Embedded in both of these reference cases is a fundamental assumption about values: that happiness, enabled by using ecological resources (footprint) to customize individual environments, is much more important than people's lives and the lives of the other species whose demise is causing people to die. As total resources decline due to global warming, some surviving people will be still able to consume much more than others, but humanity as a whole won't be able to recover its numbers.

Key to validating, understanding, and possibly mitigating these catastrophic trends is the identification of the critical "producer" species assumed to enable the survival of the "supporter" species that we directly depend upon for our survival. While I don't know what they are, I do have some guesses, chief among them the creatures that enable plants to survive, such as birds with their dispersal of seeds and nutrients, and the fish which keep many of them alive. I have recently been studying the condition of soil, which I expect will reflect our impact on producer species. The fact that one-third of remaining soil is degraded, plus the recently revealed fact that Earth now has two-thirds of the arable land that existed 40 years ago, means that we have less than one-quarter of the healthy soil we had at that time. Interestingly, my calculations show that we now have about one-third of the extra resources (resources not directly consumed by us and supporter species) that we had in 1975.
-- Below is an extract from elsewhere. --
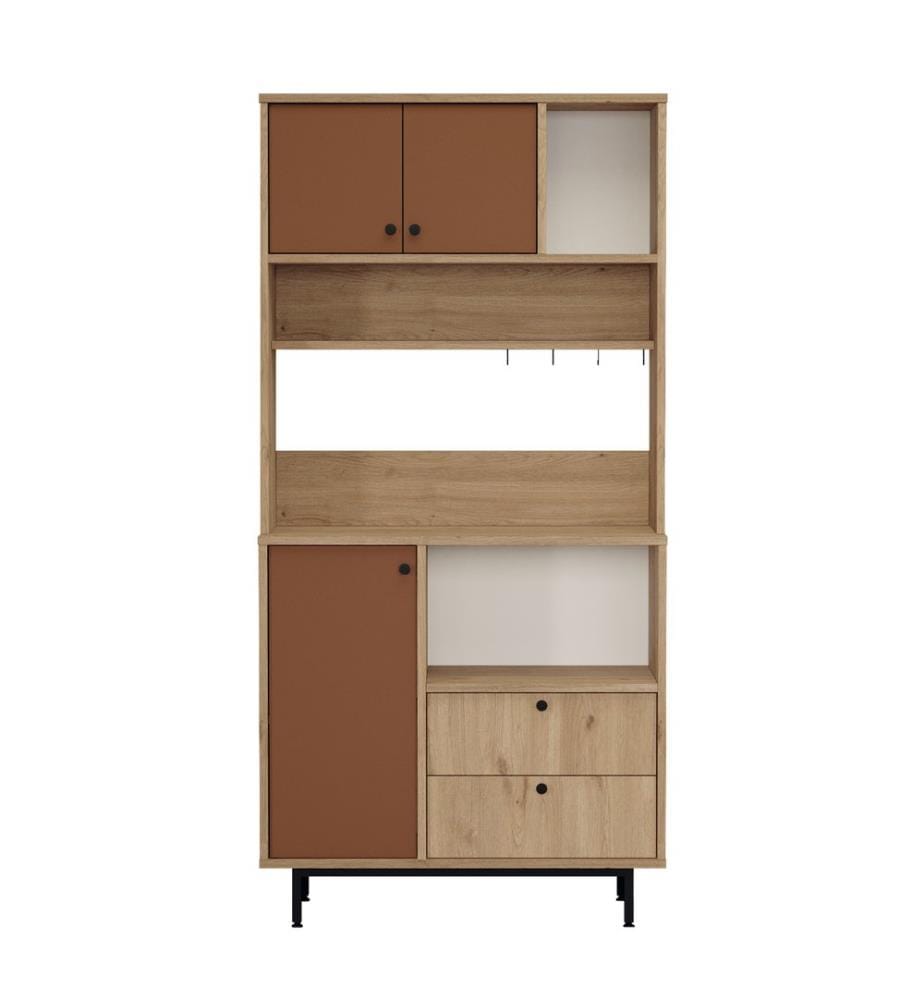 Mehrzweckschrank, Eiche, ziegelrot, 100 % MELAMINBESCHICHTETE SPANPLATTE, Metallbeine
The first significant decline in our own population is projected to occur in the next few months, with around 200 million deaths due to lack of resources, most likely food. This will be the clearest possible signal that we have begun killing off the last producers alive on Earth; though we may not initially recognize it as such because we will directly be seeing its impact on the supporter species. By 2017 we will have recovered, perhaps due to artificial replacement of what the producers were providing along with some recovery of the producers. We will see a smaller death rate the following year as we attempt to consume more, and probably try a similar fix in 2019. By 2021 the two cases diverge: in the warming case, our recovery will couple with the effects of climate change and we will see the greatest, fastest population drop in history, with more than a half-billion people dead; and, after another recovery, a second drop will occur with almost the same magnitude. The default case, meanwhile, has its greatest population drop in 2023, with more than 300 million people dead, though there will be other, smaller "drops" in the future.

One thing (among many) that I don't account for is the impact of having births make up for drops in population, the most obvious part being the growing fraction of young children over time. That will foreseeably reduce the ability of humanity to maintain its growth in consumption, unless machines grow sophisticated enough to do so without human intervention. A similar argument applies to producer and supporter species, which must grow back, at least partially, and may not grow to be mature enough to provide the products and services expected.

The smartest thing we could do following a population drop is to resist growing the population back and to try lowering per-capita consumption to a sustainable level (at least long enough for other species to recover their numbers and maturity) and then maintain it at that level. If we don't do that on purpose, then perhaps the changing demographics will have the same effect.